Isometries of the Complex Plane: Fixed Lines

I am trying to find the fixed line in isometries of the plane, and I keep running into contradictions. I have checked both my assumptions and workings 3 times and still get contradictions. I'll start from the beginning, stating all my assumptions, because I do not know where I am going wrong:

I know there are 4 types of isometries: rotations, translations, reflections and glide reflections. (A glide reflection is a reflection, followed by a translation in a direction parallel to the line of reflection).

All isometries can be written as f(z) = az+b or aZ+b, with a,b in the set of complex numbers, lal=1. (I am using capital Z for z conjugate. If you know how to type z conjugate please tell me)

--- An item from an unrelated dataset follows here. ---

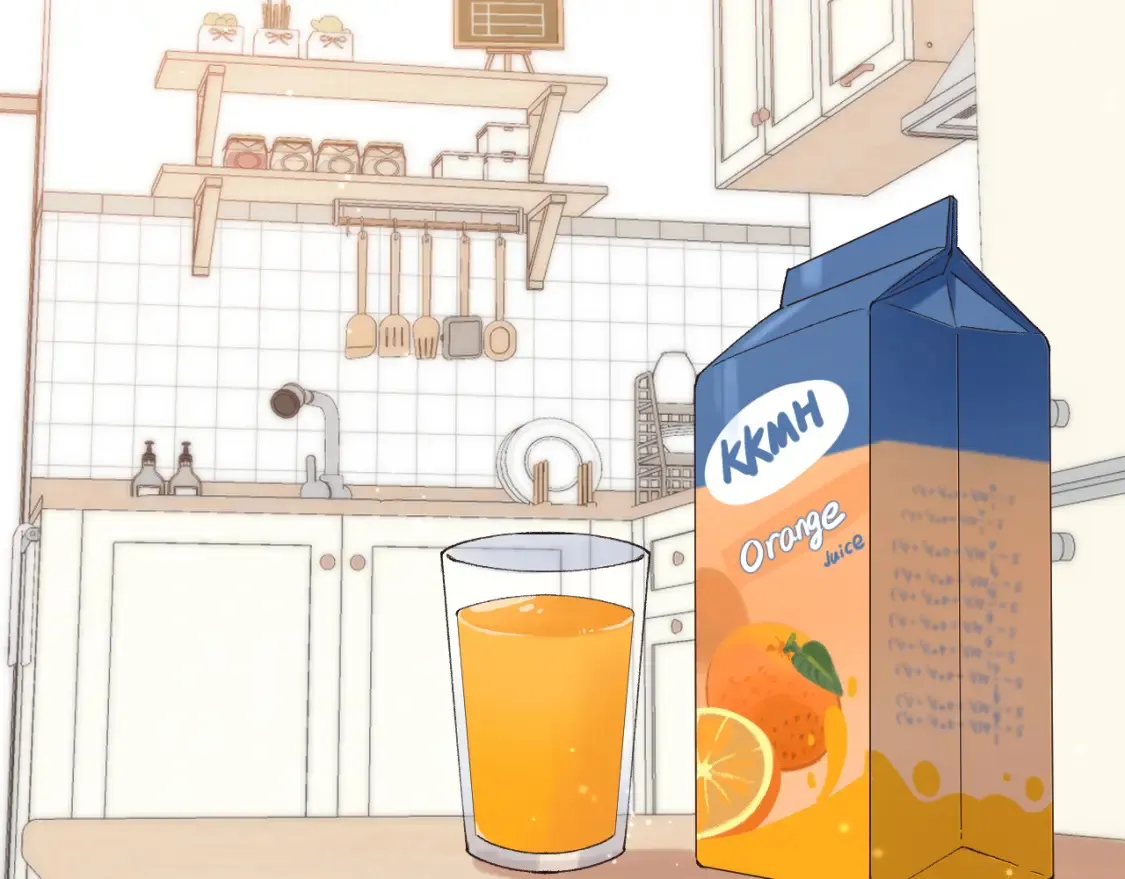 第4季 01话 第一次恋爱3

Isometries in the form f(z) = aZ+b are either reflections or glide reflections.
If f(b) = 0, f is a reflection.
Otherwise f is a glide reflection.

I have an isometry that gives a glide reflection, and I am trying to find the line of reflection. I am assuming that the line of reflection in a glide reflection isometry is the only fixed line.

To find the fixed line in a glide reflection, I am using this formula:
f(f(a))-2f(a)+a = 0
All values of a which satisfy this equation should lie on the fixed line. I am aware that this only works for glide reflections, not general functions.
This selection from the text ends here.